# San Remo, Fracino, La mazorocco



## Pancake (May 22, 2013)

Hi, I have just joined this site, I currently have three machines for sale, a two group la mazorcco, a single fracino and a San Remo two group, two grinders one massed one San remo how do I post these with photos


----------



## garydyke1 (Mar 9, 2011)

What models and prices?


----------



## Pancake (May 22, 2013)

I can email photos, will post all the details tomorrow now I have found this site, the equipment is located at our other premises


----------



## Glenn (Jun 14, 2008)

If the machines are used then you can post these in the For Sale section of the website

Are these used or brand new?

When you have 5 posts you will able to view images and take any payment to PM once all offers have been received on the thread.
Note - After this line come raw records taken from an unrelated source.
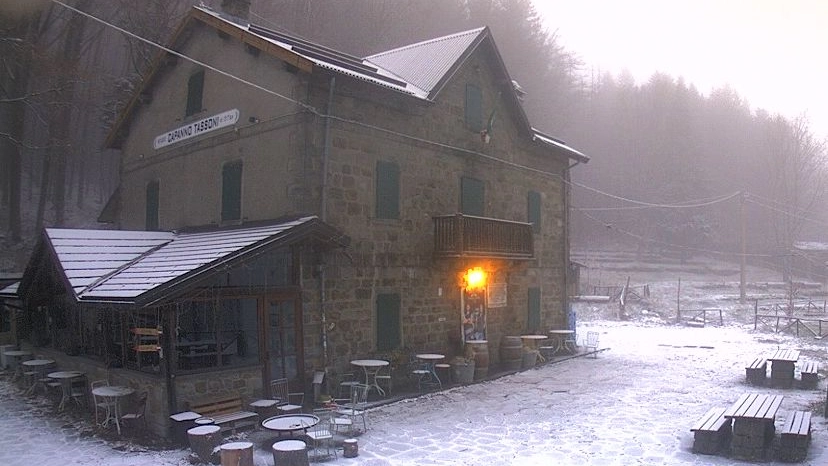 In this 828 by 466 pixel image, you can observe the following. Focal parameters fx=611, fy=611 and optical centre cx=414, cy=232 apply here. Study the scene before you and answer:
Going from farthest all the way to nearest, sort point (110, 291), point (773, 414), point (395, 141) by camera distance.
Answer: point (395, 141) < point (110, 291) < point (773, 414)

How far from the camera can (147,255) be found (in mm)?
13727

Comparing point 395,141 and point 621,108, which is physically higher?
point 621,108

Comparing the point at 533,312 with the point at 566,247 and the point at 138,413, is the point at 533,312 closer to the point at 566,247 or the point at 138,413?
the point at 566,247

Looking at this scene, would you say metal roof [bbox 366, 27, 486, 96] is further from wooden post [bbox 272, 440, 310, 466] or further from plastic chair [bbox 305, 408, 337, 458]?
wooden post [bbox 272, 440, 310, 466]

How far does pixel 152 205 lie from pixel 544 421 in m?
13.4

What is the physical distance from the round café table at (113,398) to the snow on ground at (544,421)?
1.32ft

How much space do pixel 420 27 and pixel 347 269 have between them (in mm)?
30038

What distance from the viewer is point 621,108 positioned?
69438 mm

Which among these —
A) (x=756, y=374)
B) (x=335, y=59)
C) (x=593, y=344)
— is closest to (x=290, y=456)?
(x=335, y=59)

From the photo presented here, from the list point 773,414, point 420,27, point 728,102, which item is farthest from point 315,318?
point 728,102

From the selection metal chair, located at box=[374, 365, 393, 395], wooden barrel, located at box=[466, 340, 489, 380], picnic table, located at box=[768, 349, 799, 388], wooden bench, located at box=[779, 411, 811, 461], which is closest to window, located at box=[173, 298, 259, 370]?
metal chair, located at box=[374, 365, 393, 395]

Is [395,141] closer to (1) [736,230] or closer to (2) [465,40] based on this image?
(2) [465,40]

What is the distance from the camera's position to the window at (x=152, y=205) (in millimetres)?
18750

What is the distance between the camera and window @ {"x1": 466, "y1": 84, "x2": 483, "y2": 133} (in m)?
18.7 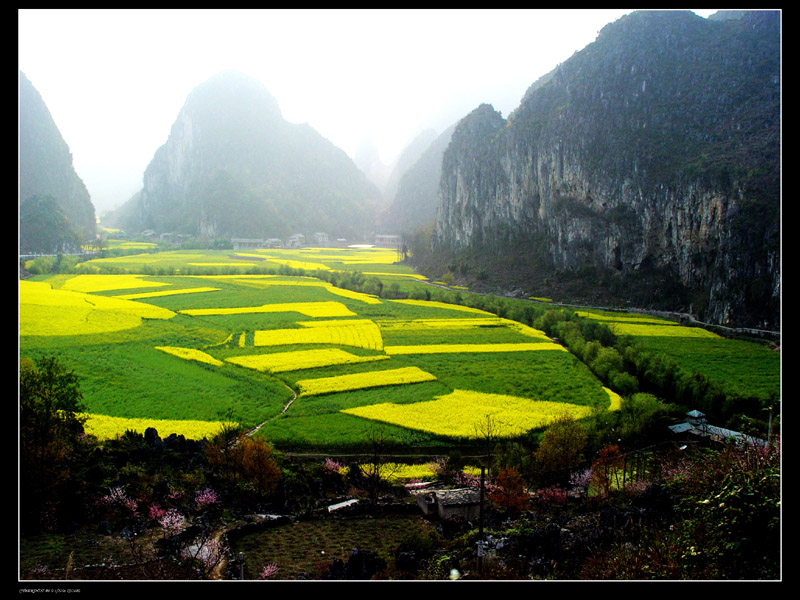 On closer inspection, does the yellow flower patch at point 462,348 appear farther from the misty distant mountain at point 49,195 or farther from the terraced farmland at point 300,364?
the misty distant mountain at point 49,195

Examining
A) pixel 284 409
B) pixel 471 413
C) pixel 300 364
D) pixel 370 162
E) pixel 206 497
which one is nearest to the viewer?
pixel 206 497

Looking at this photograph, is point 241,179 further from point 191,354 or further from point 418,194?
point 191,354

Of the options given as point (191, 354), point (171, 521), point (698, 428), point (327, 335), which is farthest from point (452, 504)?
point (327, 335)

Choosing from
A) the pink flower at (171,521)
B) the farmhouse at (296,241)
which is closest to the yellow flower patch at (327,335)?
the pink flower at (171,521)

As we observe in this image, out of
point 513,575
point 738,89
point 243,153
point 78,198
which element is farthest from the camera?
point 243,153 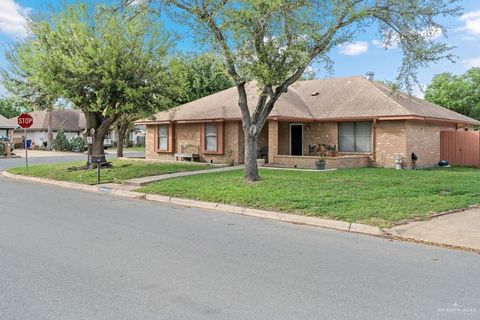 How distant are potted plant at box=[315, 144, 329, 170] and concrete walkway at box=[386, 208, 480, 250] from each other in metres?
10.1

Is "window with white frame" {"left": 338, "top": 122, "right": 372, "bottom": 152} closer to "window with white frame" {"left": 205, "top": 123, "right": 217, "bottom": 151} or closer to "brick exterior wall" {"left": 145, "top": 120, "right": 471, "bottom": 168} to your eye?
"brick exterior wall" {"left": 145, "top": 120, "right": 471, "bottom": 168}

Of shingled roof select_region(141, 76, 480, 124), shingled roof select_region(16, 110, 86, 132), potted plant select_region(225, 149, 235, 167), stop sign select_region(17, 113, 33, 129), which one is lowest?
potted plant select_region(225, 149, 235, 167)

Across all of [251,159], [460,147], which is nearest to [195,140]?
[251,159]

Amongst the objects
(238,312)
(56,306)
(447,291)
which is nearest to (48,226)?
(56,306)

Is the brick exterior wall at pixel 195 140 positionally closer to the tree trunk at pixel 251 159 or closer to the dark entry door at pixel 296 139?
the dark entry door at pixel 296 139

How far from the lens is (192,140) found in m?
26.2

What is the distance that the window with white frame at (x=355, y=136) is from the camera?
22.5 m

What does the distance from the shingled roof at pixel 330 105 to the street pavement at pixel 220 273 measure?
43.2ft

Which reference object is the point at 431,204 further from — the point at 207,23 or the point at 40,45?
the point at 40,45

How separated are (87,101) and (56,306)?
16.1m

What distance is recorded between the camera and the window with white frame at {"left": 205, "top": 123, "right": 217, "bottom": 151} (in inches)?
Result: 985

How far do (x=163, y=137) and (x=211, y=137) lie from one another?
4.17 m

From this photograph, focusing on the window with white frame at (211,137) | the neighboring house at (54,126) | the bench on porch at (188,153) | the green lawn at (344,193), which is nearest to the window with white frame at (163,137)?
the bench on porch at (188,153)

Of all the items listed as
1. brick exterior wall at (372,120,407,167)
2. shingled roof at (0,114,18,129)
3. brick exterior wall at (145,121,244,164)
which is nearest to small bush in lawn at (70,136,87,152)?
shingled roof at (0,114,18,129) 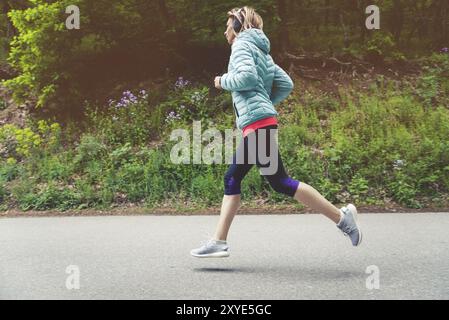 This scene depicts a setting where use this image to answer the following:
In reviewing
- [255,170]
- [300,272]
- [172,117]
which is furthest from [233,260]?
[172,117]

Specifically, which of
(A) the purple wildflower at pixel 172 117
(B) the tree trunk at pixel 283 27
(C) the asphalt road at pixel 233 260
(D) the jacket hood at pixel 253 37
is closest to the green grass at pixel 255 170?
(A) the purple wildflower at pixel 172 117

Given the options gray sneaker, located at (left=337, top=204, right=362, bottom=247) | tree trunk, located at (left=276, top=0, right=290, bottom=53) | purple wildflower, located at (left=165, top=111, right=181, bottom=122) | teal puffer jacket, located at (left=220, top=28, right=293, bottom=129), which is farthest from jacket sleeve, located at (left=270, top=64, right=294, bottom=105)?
tree trunk, located at (left=276, top=0, right=290, bottom=53)

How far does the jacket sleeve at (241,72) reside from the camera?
14.5 feet

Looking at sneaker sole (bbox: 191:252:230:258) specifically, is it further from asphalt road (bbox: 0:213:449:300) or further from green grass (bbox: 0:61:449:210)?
green grass (bbox: 0:61:449:210)

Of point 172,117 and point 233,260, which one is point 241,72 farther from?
point 172,117

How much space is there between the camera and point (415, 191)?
754 cm

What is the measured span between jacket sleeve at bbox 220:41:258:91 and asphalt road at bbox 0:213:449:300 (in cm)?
147

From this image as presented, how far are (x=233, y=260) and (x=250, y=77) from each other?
1.61 metres

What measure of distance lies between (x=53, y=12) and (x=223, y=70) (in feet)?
10.8

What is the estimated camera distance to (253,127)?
4570 millimetres

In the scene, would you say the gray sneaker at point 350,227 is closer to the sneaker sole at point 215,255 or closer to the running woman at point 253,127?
the running woman at point 253,127

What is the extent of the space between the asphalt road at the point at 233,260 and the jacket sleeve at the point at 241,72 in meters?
1.47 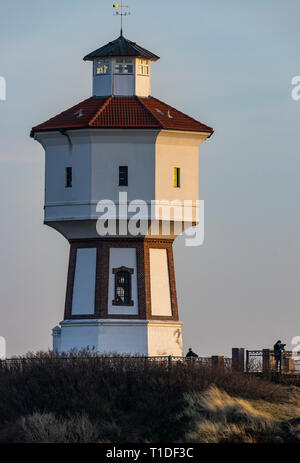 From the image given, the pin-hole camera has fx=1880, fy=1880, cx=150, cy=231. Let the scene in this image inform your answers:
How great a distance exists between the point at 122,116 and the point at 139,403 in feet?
46.2

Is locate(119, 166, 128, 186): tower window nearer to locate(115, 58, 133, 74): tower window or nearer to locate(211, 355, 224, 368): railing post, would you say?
locate(115, 58, 133, 74): tower window

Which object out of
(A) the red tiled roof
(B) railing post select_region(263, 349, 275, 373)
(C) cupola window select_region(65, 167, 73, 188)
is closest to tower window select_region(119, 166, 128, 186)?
(A) the red tiled roof

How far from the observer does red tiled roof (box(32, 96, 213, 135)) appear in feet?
246

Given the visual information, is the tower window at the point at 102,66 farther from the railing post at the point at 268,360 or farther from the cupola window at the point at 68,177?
the railing post at the point at 268,360

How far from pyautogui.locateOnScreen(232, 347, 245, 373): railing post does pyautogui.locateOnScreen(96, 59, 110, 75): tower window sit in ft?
43.0

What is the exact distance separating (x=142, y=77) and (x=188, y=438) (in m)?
19.8

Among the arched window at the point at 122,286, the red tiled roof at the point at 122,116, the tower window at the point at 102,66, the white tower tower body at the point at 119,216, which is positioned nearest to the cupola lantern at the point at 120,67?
the tower window at the point at 102,66

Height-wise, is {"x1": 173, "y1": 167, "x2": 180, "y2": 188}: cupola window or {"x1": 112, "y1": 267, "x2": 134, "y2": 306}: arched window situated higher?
{"x1": 173, "y1": 167, "x2": 180, "y2": 188}: cupola window

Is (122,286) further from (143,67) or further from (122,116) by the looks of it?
(143,67)

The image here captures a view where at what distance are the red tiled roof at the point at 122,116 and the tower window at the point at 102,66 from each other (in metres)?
1.11

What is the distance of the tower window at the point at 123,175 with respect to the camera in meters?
75.2

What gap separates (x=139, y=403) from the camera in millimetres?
66438

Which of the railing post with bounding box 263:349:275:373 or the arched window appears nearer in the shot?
the railing post with bounding box 263:349:275:373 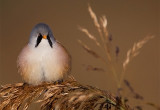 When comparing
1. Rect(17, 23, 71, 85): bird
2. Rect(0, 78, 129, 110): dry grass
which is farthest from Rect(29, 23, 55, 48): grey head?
Rect(0, 78, 129, 110): dry grass

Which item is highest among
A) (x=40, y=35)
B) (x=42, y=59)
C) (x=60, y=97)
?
(x=40, y=35)

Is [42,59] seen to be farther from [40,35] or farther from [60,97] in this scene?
[60,97]

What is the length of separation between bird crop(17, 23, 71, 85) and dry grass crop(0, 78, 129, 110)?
33 cm

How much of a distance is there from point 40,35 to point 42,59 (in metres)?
0.15

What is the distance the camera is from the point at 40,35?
179 cm

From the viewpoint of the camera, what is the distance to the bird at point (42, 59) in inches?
70.8

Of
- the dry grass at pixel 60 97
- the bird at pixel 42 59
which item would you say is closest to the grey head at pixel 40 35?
the bird at pixel 42 59

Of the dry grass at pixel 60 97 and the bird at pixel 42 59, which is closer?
the dry grass at pixel 60 97

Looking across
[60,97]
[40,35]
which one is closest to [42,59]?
[40,35]

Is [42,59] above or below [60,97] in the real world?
above

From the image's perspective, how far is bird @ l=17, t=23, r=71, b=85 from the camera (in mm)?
1798

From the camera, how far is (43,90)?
4.43ft

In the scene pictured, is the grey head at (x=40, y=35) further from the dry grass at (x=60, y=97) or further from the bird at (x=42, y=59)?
the dry grass at (x=60, y=97)

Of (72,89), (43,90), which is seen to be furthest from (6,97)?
(72,89) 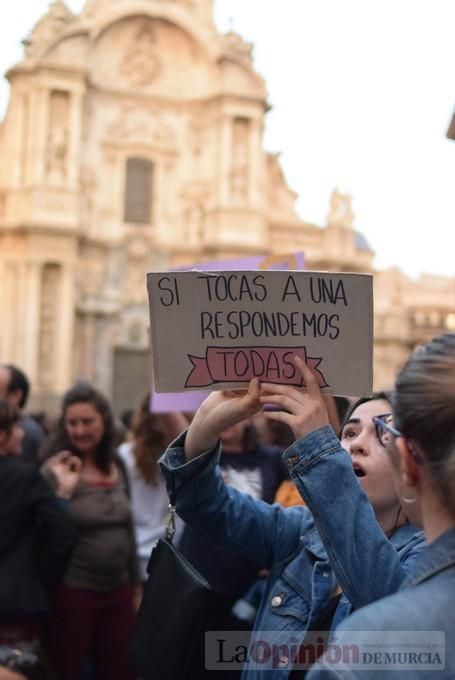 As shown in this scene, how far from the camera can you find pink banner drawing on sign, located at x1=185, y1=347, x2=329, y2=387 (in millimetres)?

I have removed the duplicate posts so you have 3 to go.

If the machines are new then please read the Forum Advertising guidelines before posting and post them in the Commercial / Special Offers section.


----------



## Pancake (May 22, 2013)

Thanks for that, they are all used the San Remo is an ex wine bar and in good condition the Fracino is an ex Mitchell & Butler pub requires full overhaul, The Linea ex spirit pub closed down five years ago


----------



## Glenn (Jun 14, 2008)

Pop them in the For Sale section then.

Thanks for your quick clarification.


----------